> _DATASET EXTRACT_:
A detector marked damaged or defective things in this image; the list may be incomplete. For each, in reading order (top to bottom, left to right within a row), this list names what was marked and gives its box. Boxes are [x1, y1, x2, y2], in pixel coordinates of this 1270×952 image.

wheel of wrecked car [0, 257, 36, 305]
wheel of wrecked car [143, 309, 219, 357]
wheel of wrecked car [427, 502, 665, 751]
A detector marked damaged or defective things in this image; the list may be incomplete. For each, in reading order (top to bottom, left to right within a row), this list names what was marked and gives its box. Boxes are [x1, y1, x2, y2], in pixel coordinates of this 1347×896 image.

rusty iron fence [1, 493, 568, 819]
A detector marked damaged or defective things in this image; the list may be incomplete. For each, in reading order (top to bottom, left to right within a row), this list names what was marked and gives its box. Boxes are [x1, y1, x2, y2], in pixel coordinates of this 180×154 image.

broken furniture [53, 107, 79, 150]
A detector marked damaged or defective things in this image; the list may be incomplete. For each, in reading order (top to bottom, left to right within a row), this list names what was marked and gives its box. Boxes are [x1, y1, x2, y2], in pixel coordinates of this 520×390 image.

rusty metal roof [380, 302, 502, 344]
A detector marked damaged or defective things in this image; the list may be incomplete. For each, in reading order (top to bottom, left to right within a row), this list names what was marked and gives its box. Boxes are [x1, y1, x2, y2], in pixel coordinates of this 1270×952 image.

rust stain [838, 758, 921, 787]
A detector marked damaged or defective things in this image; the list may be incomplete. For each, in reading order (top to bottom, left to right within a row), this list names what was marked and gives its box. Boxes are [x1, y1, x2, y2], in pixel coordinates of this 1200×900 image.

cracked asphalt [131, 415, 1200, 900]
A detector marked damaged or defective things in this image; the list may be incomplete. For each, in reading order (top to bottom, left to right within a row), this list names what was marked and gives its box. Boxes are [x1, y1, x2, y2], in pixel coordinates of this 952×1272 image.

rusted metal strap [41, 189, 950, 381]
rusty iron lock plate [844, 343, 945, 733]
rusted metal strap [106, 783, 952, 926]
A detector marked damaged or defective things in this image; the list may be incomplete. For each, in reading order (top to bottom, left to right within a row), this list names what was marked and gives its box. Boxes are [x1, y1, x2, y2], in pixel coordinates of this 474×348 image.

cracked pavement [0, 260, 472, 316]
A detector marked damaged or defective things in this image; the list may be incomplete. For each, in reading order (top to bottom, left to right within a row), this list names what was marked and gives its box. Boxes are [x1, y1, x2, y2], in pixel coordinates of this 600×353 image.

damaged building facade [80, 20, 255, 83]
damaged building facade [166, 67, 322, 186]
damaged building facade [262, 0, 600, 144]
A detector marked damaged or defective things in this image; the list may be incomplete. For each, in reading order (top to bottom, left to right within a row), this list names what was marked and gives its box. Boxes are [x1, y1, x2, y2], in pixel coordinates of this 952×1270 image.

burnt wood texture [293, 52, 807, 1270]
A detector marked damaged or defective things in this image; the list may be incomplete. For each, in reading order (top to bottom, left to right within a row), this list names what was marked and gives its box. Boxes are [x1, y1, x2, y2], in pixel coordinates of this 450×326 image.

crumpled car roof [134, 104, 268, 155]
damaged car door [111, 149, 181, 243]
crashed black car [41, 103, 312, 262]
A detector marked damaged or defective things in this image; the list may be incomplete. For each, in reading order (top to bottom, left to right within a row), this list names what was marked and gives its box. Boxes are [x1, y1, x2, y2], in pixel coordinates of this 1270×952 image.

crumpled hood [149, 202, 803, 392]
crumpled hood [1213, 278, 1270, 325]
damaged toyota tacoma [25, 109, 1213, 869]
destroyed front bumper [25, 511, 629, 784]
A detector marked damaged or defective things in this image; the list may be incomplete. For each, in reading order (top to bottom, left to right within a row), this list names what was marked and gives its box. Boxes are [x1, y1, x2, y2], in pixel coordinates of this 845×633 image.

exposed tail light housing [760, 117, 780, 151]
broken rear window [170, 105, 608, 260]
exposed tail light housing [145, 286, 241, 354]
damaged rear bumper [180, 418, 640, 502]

> _WHAT TO DO_: The lines from the one containing "this 845×633 image." through the final line of the listing above are to be repeated exactly, and nothing else is to be printed.

> _TASK OUTPUT_:
A detector marked damaged or defective things in this image; the list may be incomplete. For each, in reading order (top to bottom, left to right within a row), this list names what was marked and gives its box. Boxes are [x1, y1, x2, y2], in pixel coordinates of this 845×633 image.

exposed tail light housing [760, 117, 780, 151]
broken rear window [170, 105, 608, 260]
exposed tail light housing [145, 286, 241, 354]
damaged rear bumper [180, 418, 640, 502]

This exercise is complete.